# notifications broken????



## retribution83 (Apr 26, 2011)

whenever I log in it says I have 3 notifications, of which are reputation comments but there about a year old?

thought they would of went away but the havent


----------



## zasker (Jun 21, 2014)

have you viewed them? mine go after i view them.


----------



## Guest (Sep 12, 2014)

retribution83 said:


> whenever I log in it says I have 3 notifications, of which are reputation comments but there about a year old?
> 
> thought they would of went away but the havent[/quote
> 
> ...


----------



## The L Man (Sep 13, 2010)

I've had an "unread visitor message" notification for over a year now lol


----------



## Dazza (Aug 7, 2010)

Usually it's someone who's been banned least ime.


----------



## DappaDonDave (Dec 2, 2013)

Just to be a [email protected], you should have 4 now.


----------



## Skye666 (Apr 13, 2013)

I can only read one notification even if I have 6 coz after I read one the rest just disappear and I can't find them again! Didn't used to do this tho it's only last few months.


----------



## retribution83 (Apr 26, 2011)

Yeah iv read them hundreds of times ha must be broken, bit like me today


----------



## Betts020577 (Jul 13, 2014)

Skye666 said:


> I can only read one notification even if I have 6 coz after I read one the rest just disappear and I can't find them again!
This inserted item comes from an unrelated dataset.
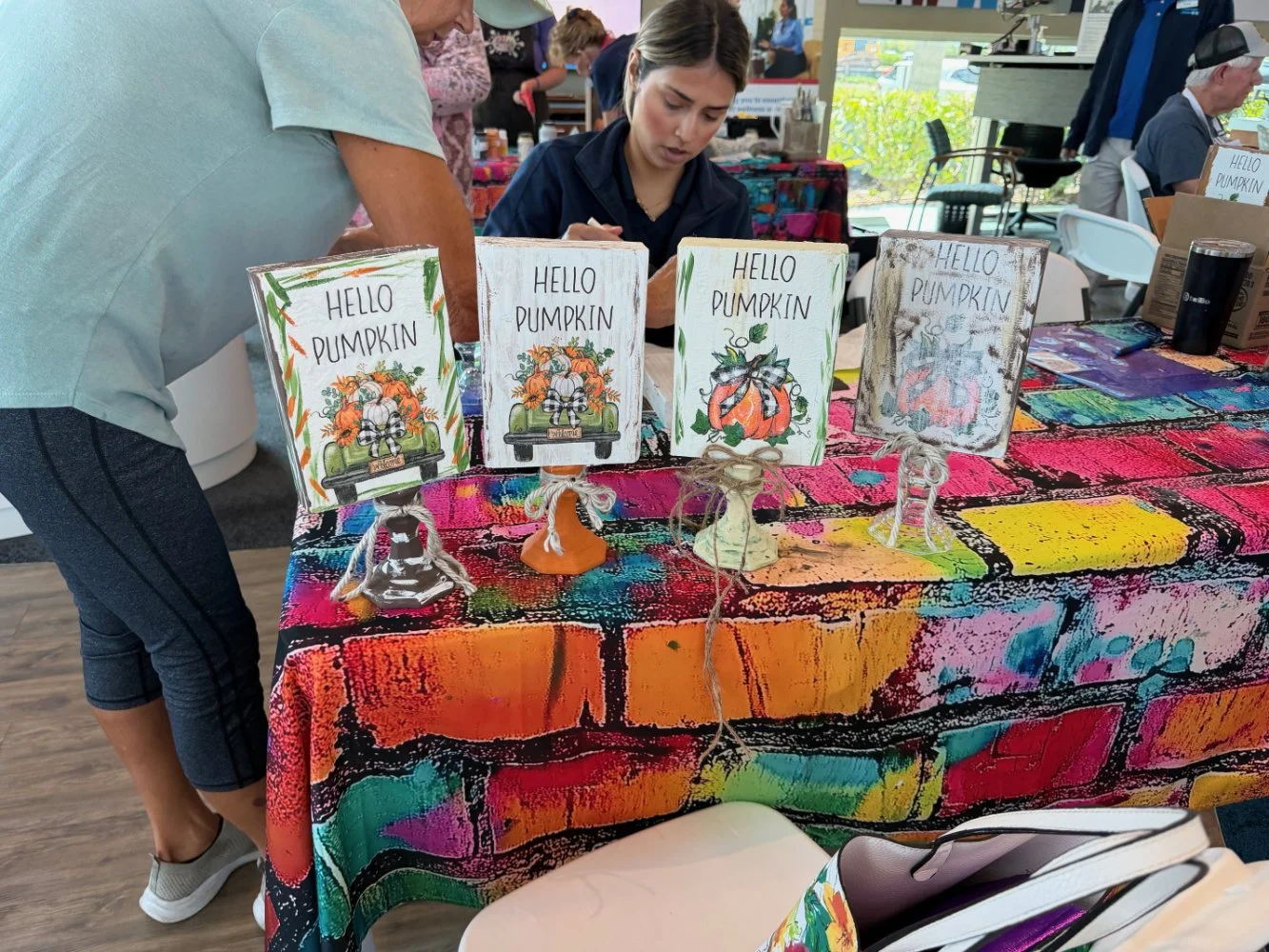 A display table at a craft fair with decorative signs featuring fall pumpkin themes, colorful tablecloth, and people browsing in the background.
Didn't used to do this tho it's only last few months.


Just click 'My Profile' at the top right and from there you can see the tabs that have 'Quotes', 'Mentions' etc


----------



## Skye666 (Apr 13, 2013)

Betts020577 said:


> Just click 'My Profile' at the top left and from there you can see the tabs that have 'Quotes', 'Mentions' etc


Thanks :thumbup1:


----------



## retribution83 (Apr 26, 2011)

there fixed woop, big brother musta been wathing


----------